Desde una perspectiva política e histórica, la profundidad del problema parecería indicar que estamos ante una crisis política sin precedentes en el pasado reciente. Sin embargo, las posturas adoptadas por los distintos partidos parecen estar hablando más de cómo pararse ante una coalición oficialista que se viene abajo y acomodar el cuerpo en consecuencia del derrumbe, que de afrontar con responsabilidad una serie de hechos de enorme gravedad.

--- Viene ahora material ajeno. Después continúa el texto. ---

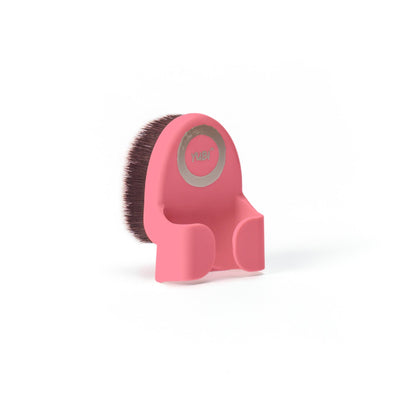 Rear angle view of candy pink Yubi Buff Brush handle with brown and white tipped brush attached.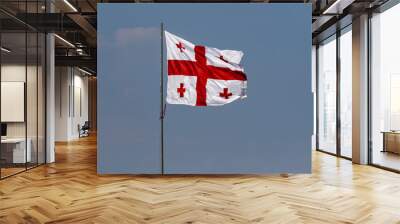 Georgia flag on blue sky background Wall mural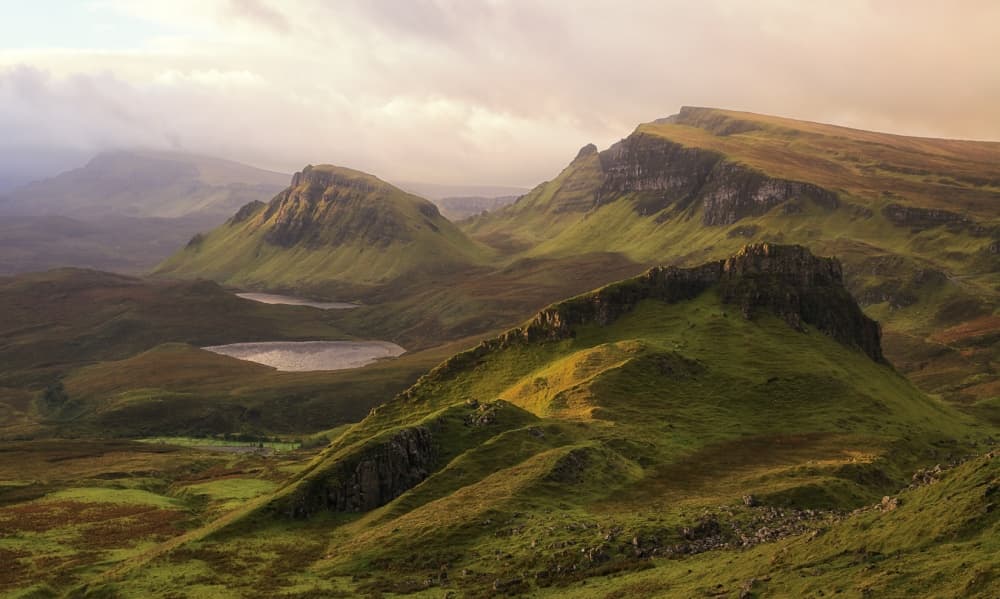 Highland Peaks Golden Light by Margarita Chernilova — canvas wall art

Lo primero a marcar es que en ese debate de distintas narrativas sobre la crisis actual fue quedando a un lado el tema central que nos llevó hasta aquí: la ubicación del crimen organizado regional como otro nodo del mapa político nacional. Se ha corrido tanto el eje central del debate que fue presentada como "normal" la primera explicación gubernativa sobre la gestión del pasaporte a Sebastián Marset, alegando que no “había impedimento legal posible” para negarle un documento de viaje a un ciudadano corriente que estaba en conflicto con la ley, pero en Emiratos Árabes Unidos y no en nuestro país.

Es sorprendente cómo el significante narcotráfico (sería más preciso emplear el término crimen organizado) ingresó al debate de la política uruguaya. Esa puerta se abre a partir de la entrega y aprobación del pasaporte por parte de esferas de un gobierno que dice estar en "combate frontal al narcotráfico". Pero más allá de esa cuestión, luego de la jornada del jueves y de los audios que Carolina Ache brindó a Fiscalía, queda clara la participación directa del asesor del presidente de la República en la gestión del fierro caliente que es la explicación de todo el proceso seguido desde la entrega del pasaporte a la investigación en la cancillería.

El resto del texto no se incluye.